JPMorgan Loses $1.5 Billion since July on Wider Spreads

U.S. investment bank JPMorgan Chase incurred losses of about $1.5 billion since July, hurt by turmoil in the credit and mortgage markets and by wider credit spreads and lower levels of liquidity, the company said in a regulatory filing late Monday.


JPMorgan said trading conditions have "substantially deteriorated" in the third quarter compared with that of the second, and spreads on mortgage-backed securities and loans have "sharply widened." The estimated losses exclude hedging, the firm said.

In addition, if the bank's own credit spreads tighten, the change in the fair value of certain trading liabilities would also hurt trading results, JPMorgan said.

The third-largest U.S. bank was forced to write down the value of its $33 billion in mortgage-backed securities as prices continued to drop in July, the Financial Times said Tuesday, citing people close to the company.
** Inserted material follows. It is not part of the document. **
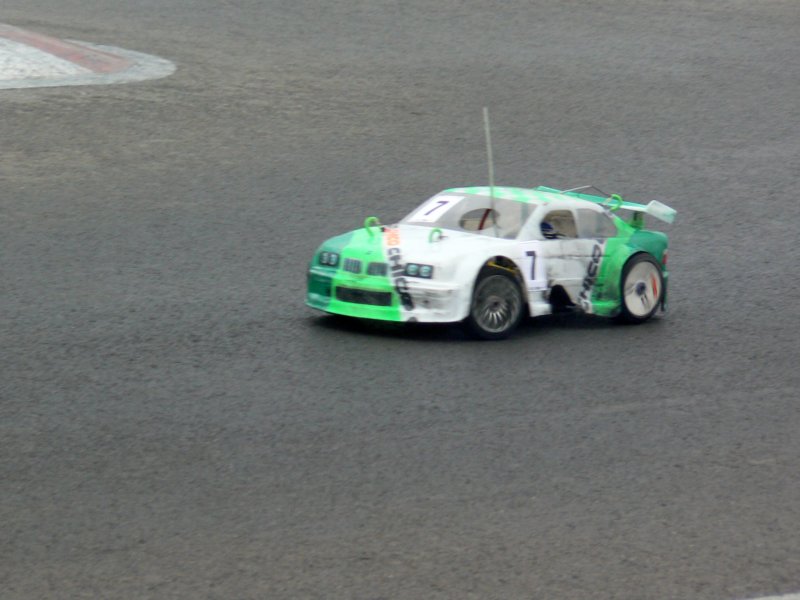 ultimatecup2007rubi125.jpg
The writedowns were partly driven by Merrill Lynch recent decision to sell $30.6 billion in risky debt to Lone Star funds for just $6.7 billion, or about 22 cents on the dollar, FT said.
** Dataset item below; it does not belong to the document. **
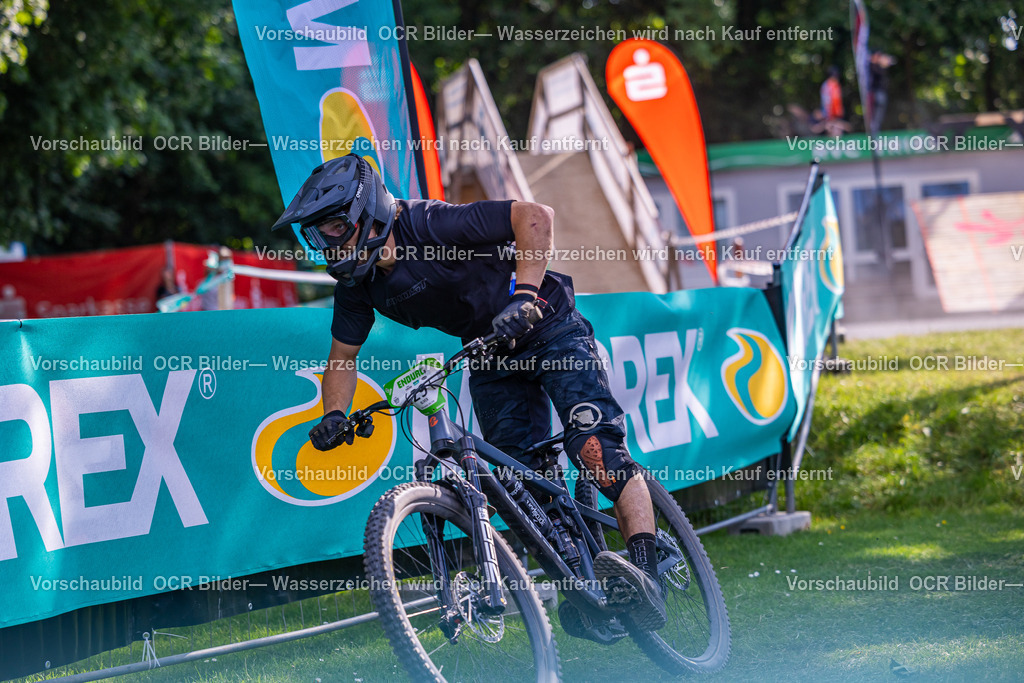 Enduro One Trieb Samstag R6-2113 | OCR Bilder Fotograf Eisenach Michael Schröder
Merrill's move ratcheted up pressure on rivals to cut the values of their own subprime assets as they grapple with mounting debts and weakening economies.

As of June 30, JPMorgan held an aggregate $19.5 billion of prime and Alt-A mortgage exposure, $1.9 billion of subprime mortgage exposure, and $11.6 billion of commercial mortgage-backed securities (CMBS) exposure, the filing showed.

"These mortgage exposures could be adversely affected by worsening market conditions, further deterioration in the housing market and market activity reflecting distressed sellers," the company said.

JPMorgan did not immediately return a call seeking comment.

Last month, JPMorgan Chase posted a smaller-than-expected drop in earnings on resilient stock and bond underwriting revenue, but cautioned that the mortgage market and the economy were getting worse.

Cautious Outlook

In the Aug 11 filing, JPMorgan said it expects continued deterioration in credit trends for its consumer portfolios, and that this will likely require additions to the consumer loan loss allowance during the rest of 2008.

Quarterly net charge-offs in the home equity portfolio could continue to increase for the rest of 2008, the company said.

Prime and subprime mortgage net charge-offs were likely to continue to rise "significantly" in the second half of 2008, with deterioration expected to continue into 2009, JPMorgan said.

According to the filing, JPMorgan held $16.3 billion of legacy leveraged loans and unfunded commitments as of June 30.

"Leveraged loans and unfunded commitments are difficult to hedge effectively, and if market conditions further deteriorate, additional markdowns may be necessary on this asset class," the company said.

In a research note to clients on Tuesday, Lehman Brothers cut its 2008 earnings estimates for JPMorgan to $2.30 a share from $2.60, but maintained its "overweight" rating and $50 price target on the stock Shares of the company closed at $41.89 Monday on the New York Stock Exchange.